What does this ad mean?

Here in Pittsburgh (Go Pens), there was an ad on TV for a jewelry place called Zales. At the end of the ad this disclaimer popped up. This is it exactly:

Take an Extra 15% off storewide

Off orig./sale prices on selected items. Original
prices may not have resulted in actual sales.
What does the last line mean? It doesn’t make sense to me.

It means that although the original price on that particular piece of gaudy jewelry was $1000 it is entirely likely that no one ever paid that price, and that the original price was inflated for the purposes of giving an entirely imaginary 15% discount.

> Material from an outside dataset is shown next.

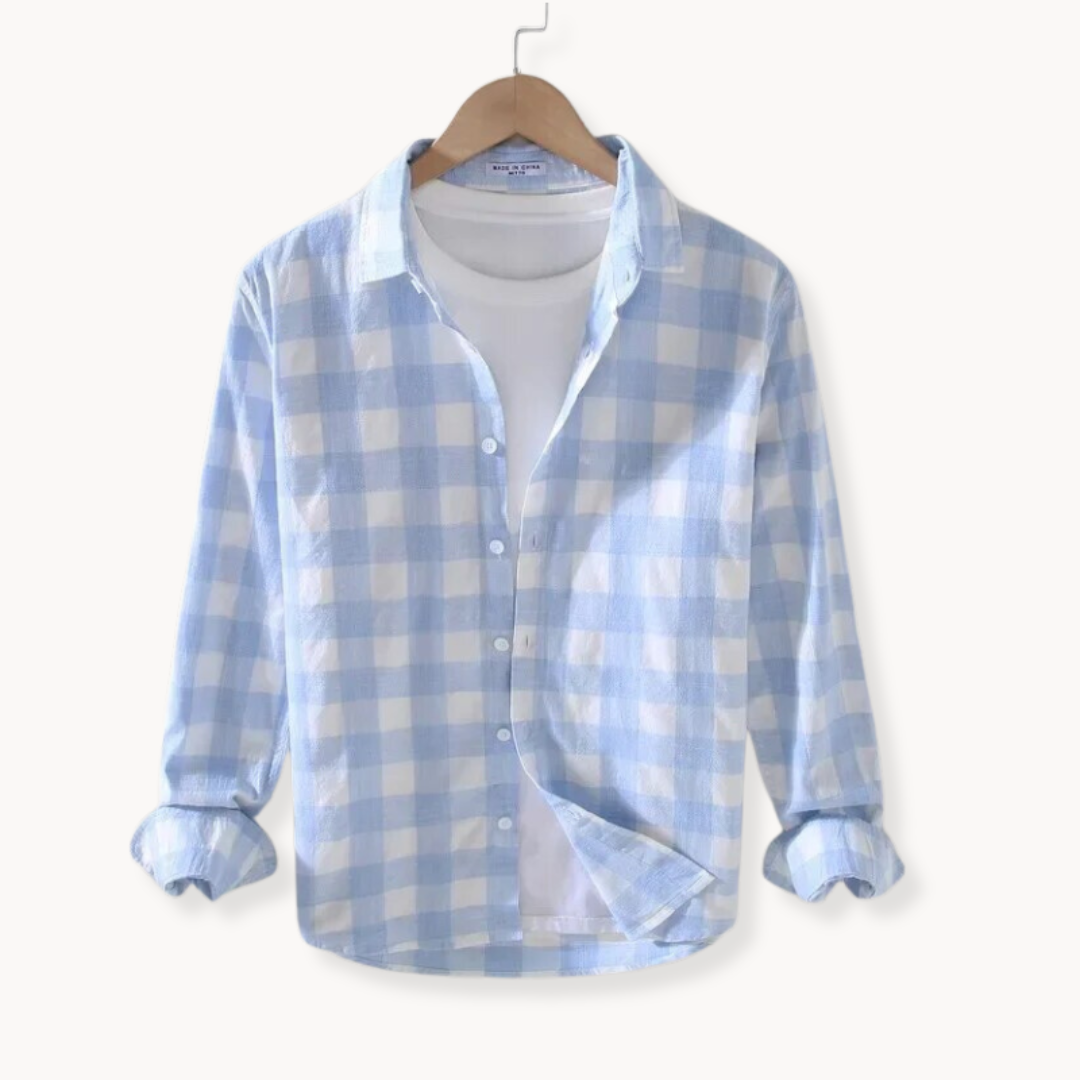 men's long sleeve check shirt point collar button front chest pocket regular fit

Right, and likely is in response to a law in a particular jurisdiction that says you can’t call it a sale if the buyer isn’t actually saving money (unless it’s disclosed). Thus, the perfectly opaque disclosure and a legal “sale that isn’t”.

I asked the exact same “WTF” question to my wife when I saw that ad recently. We came to the same conclusion as above.

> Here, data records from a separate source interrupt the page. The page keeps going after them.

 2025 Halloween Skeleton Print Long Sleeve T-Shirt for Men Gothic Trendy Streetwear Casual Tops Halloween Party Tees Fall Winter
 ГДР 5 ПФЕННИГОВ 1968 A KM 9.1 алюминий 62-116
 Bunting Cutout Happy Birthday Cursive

Back in my retail days, there was a law in my state that you couldn’t call it a “sale” unless the item had been offered at the original price for X number of days. One of the merchandise managers used that to price stuff at “original price” Mon.-Thurs. and then at the “sale price” every weekend.

I remember this because we got a call from the Attorney General’s office asking if we would let them see our ads for the previous year.

And doesn’t “storewide” conflict with “selected items”? Or am I missing something here?

Zales is a chain. My WAG is that it means “selected items in every single one of our stores.”